Engraving by J.C. Buttra, based on a photograph by Napolean Sarony. From John Clark, Life and Public Services of James G. Blaine (Cincinnati: Jones Brothers & Co., 1884) frontispiece.
An angry Newfoundland government retaliated by refusing to allow Canadian fishermen to purchase bait. Canada took the issue to court, and imposed duties on Newfoundland imports; Newfoundland did the same to Canadian imports. Canada then threatened to impose sanctions on Newfoundlanders fishing on the Canadian Labrador. At this point it was decided to end the "war", and refer all points in dispute to a conference between the two governments.
This took place in Halifax in November, 1892. Nothing was achieved. The Newfoundland delegates refused to discuss confederation, and the Canadian delegates refused to lift their veto on the Bond-Blaine convention. Their position was strengthened by a court decision that Newfoundland could not refuse bait to Canadian fishermen, the only lever which the colony had at its disposal, and by the knowledge that in the last analysis, the British government would support Canada over the reciprocity issue.
The Bond-Hay Convention
Bond did not give up, however. He became premier in 1900, and returned to his goal of negotiating a trade agreement with the U.S. The British government overruled Canadian objections, and Bond was able to conclude a draft reciprocity agreement once again, this time with John Hay, in 1902. The problem now was not the Canadian government, but the U.S. Senate and the hostile Massachusetts fishing industry, which lobbied hard against the ratification of the Bond-Hay Convention.
The Senate Foreign Relations Committee listened, and in 1905 effectively rejected the convention. The Bond government reacted by trying to ruin the American winter herring fishery in the Bay of Islands. In addition, the government adopted a highly restrictive interpretation of the 1818 Anglo-American Fisheries Convention, which governed American fishing activity in British North American waters. The situation became tense. The U.S. government was not prepared to allow American nationals to be harassed, and the British government would not allow Newfoundland to cause an international incident which might harm Anglo-American relations. Thus Bond was forced to retreat, accept the fact that his convention was lost, and agree to refer the legal points at issue to international arbitration at The Hague.
The judgement of arbitration tribunal, announced in 1909, generally supported the case submitted by Newfoundland and Canada.
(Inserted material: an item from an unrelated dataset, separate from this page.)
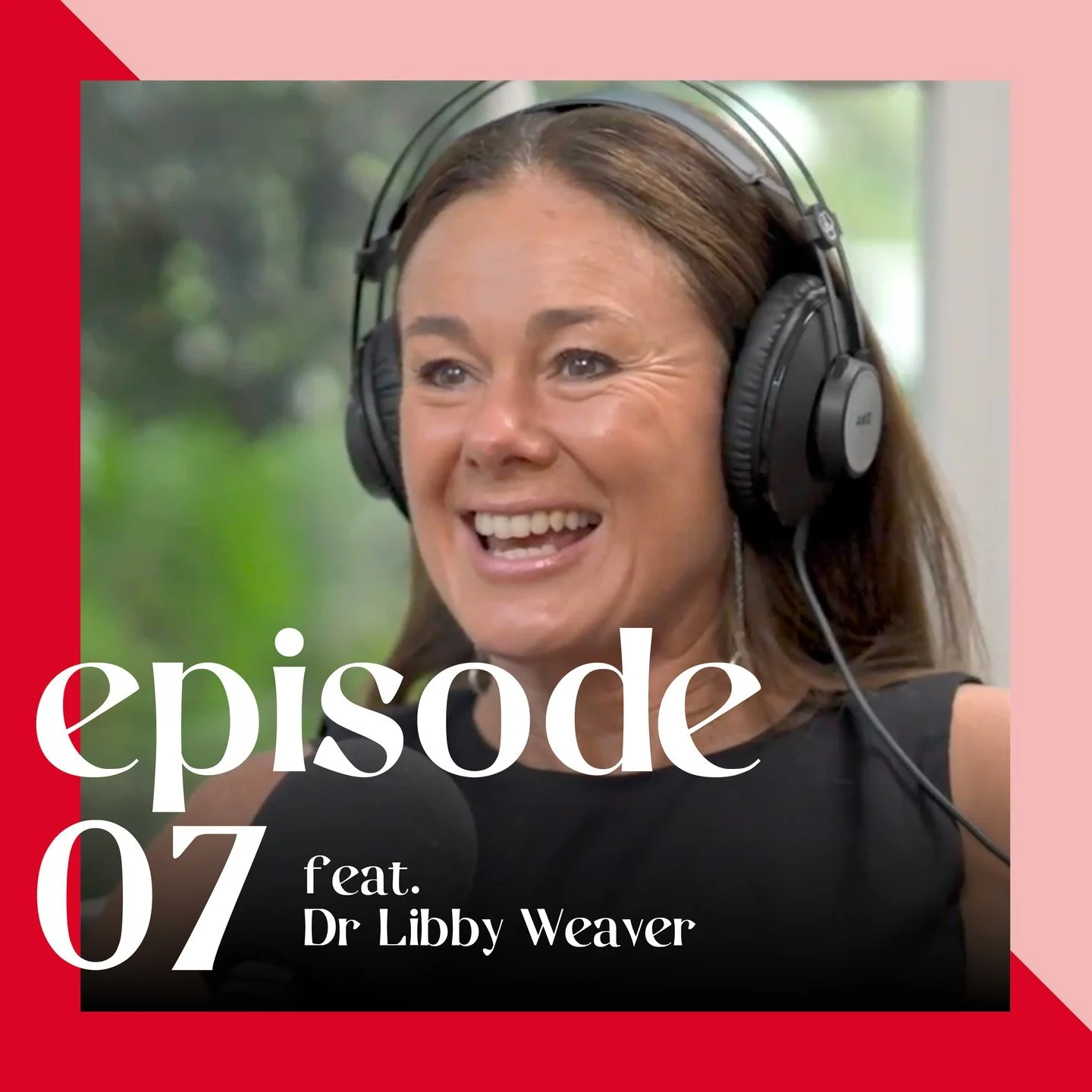 In this episode I sit down with biochemist @drlibby Weaver 🧬, a nutritionist, speaker, and author of 13 books (soon to be 14). Libby brings a holistic lens to wellbeing, combining science, nutrition, and emotional insight in a way that&rsquo;s both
This clarified the meaning of the 1818 Convention, but did not revive reciprocity. There was no further talk of a U.S. trade agreement in Newfoundland until the 1940s. The idea then surfaced once more, in the context of the debate over the country's future which began in 1946.
During the Second World War, the U.S. government negotiated long-term leases of Newfoundland territory for military bases. Many Newfoundlanders thought that the U.S. should pay rent in the form of a trade agreement, and that such a deal would be preferable to confederation with Canada. An Economic Union Party fought on the anti-confederate side during the 1948 referendum campaigns, and generated a significant amount of support. However, in the end Newfoundlanders decided to join Canada; and as a Canadian province, Newfoundland developed a closer trade relationship with the U.S. than it had ever experienced in the past, and eventually the "free trade" talked about for the previous century.